Data shown Start Marker

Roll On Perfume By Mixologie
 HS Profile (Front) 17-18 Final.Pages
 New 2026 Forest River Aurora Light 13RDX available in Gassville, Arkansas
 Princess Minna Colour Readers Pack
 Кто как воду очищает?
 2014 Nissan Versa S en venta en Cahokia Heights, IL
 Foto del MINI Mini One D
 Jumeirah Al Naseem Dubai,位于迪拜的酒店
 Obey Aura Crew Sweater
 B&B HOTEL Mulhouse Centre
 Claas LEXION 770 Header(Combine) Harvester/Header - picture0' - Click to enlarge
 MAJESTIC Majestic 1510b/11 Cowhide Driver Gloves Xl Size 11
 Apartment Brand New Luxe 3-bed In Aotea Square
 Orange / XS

Data shown End Marker

Please copy exactly, and only, the lines from the line containing "2014 Nissan Versa" through the last line of the records, with both ends included.

 2014 Nissan Versa S en venta en Cahokia Heights, IL
 Foto del MINI Mini One D
 Jumeirah Al Naseem Dubai,位于迪拜的酒店
 Obey Aura Crew Sweater
 B&B HOTEL Mulhouse Centre
 Claas LEXION 770 Header(Combine) Harvester/Header - picture0' - Click to enlarge
 MAJESTIC Majestic 1510b/11 Cowhide Driver Gloves Xl Size 11
 Apartment Brand New Luxe 3-bed In Aotea Square
 Orange / XS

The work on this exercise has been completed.